In addition, if the Company determines that Executive is a “specified employee” under Code Section 409A(a)(2)(B)(i) at the time of Executive’s Separation, then (i) any severance payments or benefits, to the extent that they
are subject to Code Section 409A, will not be paid or otherwise provided until the first business day following (A) expiration of the six-month period measured from Executive’s Separation or
(B) the date of Executive’s death and (ii) any installments that otherwise would have been paid or provided prior to such date will be paid or provided in a lump sum when the severance payments or benefits commence. 

4. Section 280G. Notwithstanding anything contained in this Agreement to the contrary, in the event
that the payments and benefits provided pursuant to this Agreement, together with all other payments and benefits received or to be received by Executive (“Payments”), constitute “parachute payments” within the
meaning of Code Section 280G, and, but for this Section 4, would be subject to the excise tax imposed by Code Section 4999 (the “Excise Tax”), then the Payments shall be made to Executive either (i) in
full or (ii) as to such lesser amount as would result in no portion of the Payments being subject to the Excise Tax (a “Reduced Payment”), whichever of the foregoing amounts, taking into account applicable federal, state
and local income taxes and the Excise Tax, results in Executive’s receipt on an after-tax basis, of the greatest amount of benefits, notwithstanding that all or some portion of the Payments may be subject
to the Excise Tax. If a Reduced Payment is to be made under this section, reduction of Payments will occur in the following order: reduction of cash payments, then cancellation of equity-based payments and accelerated vesting of equity awards, and
then reduction of employee benefits. If accelerated vesting of equity awards is to be reduced, such acceleration of vesting will be cancelled in the reverse order of the date of grant. In the event that cash payments or other benefits are reduced,
such reduction shall occur in reverse order beginning with the payments and benefits which are to be paid furthest away in time. All determinations required to be made under this Section 4 (including whether any of the Payments are parachute
payments and whether to make a Reduced Payment) will be made by an independent accounting firm selected by the Company. For purposes of making the calculations required by this section, the accounting firm may make reasonable assumptions and
approximations concerning applicable taxes and may rely on reasonably, good faith interpretations concerning the application of Code Sections 280G and 4999. The Company will bear the costs that the accounting firm may reasonably incur in connection
with the calculations contemplated by this Section 4. The accounting firm’s determination will be binding on both Executive and the Company absent manifest error. 

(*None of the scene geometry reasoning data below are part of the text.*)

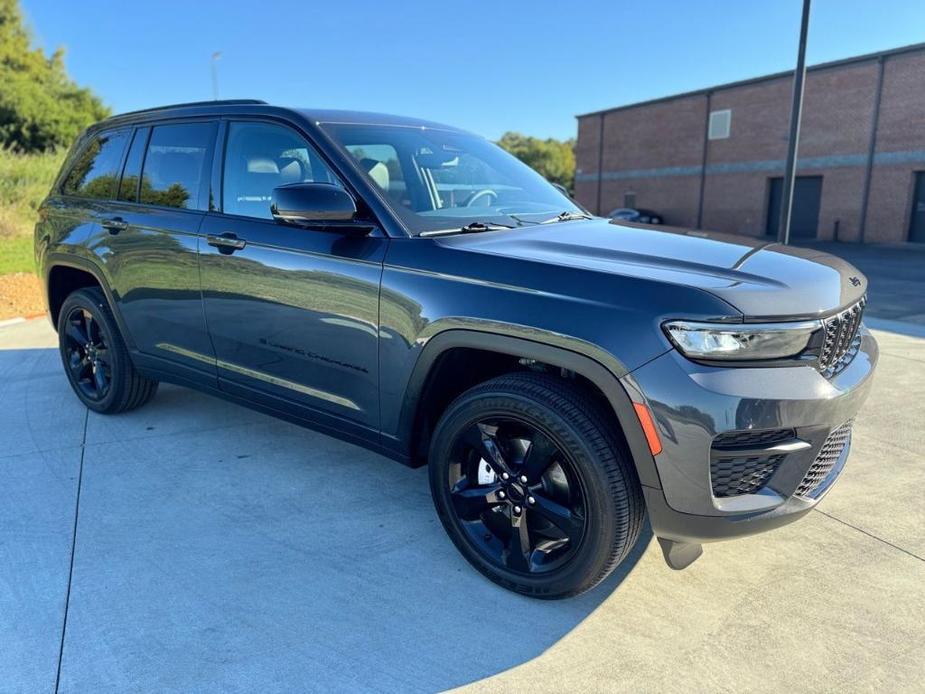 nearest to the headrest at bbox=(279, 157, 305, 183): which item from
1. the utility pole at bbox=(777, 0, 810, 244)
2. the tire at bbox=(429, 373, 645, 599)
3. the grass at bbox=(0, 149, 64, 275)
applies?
the tire at bbox=(429, 373, 645, 599)

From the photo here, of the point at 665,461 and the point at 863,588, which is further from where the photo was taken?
the point at 863,588

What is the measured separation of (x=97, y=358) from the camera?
176 inches

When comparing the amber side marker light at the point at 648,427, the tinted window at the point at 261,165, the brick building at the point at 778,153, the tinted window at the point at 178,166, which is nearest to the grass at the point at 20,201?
the tinted window at the point at 178,166

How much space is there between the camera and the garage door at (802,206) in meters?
30.9

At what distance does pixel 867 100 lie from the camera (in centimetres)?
2775

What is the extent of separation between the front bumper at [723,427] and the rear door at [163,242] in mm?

5. Company’s Successors. Any successor to the Company to all or substantially all of the Company’s business
and/or assets (whether pursuant to a Change in Control, direct or indirect, and whether by purchase, merger, consolidation, liquidation or otherwise) shall assume the Company’s obligations under this Agreement and agree expressly to perform the
Company’s obligations under this Agreement in the same manner and to the same extent as the Company would be required to perform such obligations in the absence of a succession. 

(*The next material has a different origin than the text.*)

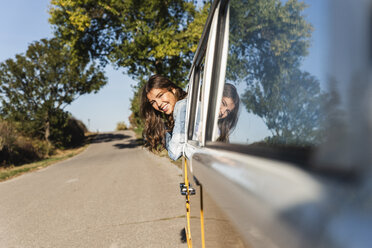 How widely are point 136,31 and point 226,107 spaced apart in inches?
599

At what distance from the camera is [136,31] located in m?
15.8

6. Miscellaneous Provisions. 

(a) Modification or Waiver. No provision of this Agreement may be modified, waived or discharged unless the
modification, waiver or discharge is agreed to in writing and signed by Executive and by an authorized officer of the Company (other than Executive). No waiver by either party of any breach of, or of compliance with, any condition or provision of
this Agreement by the other party shall be considered a waiver of any other condition or provision or of the same condition or provision at another time.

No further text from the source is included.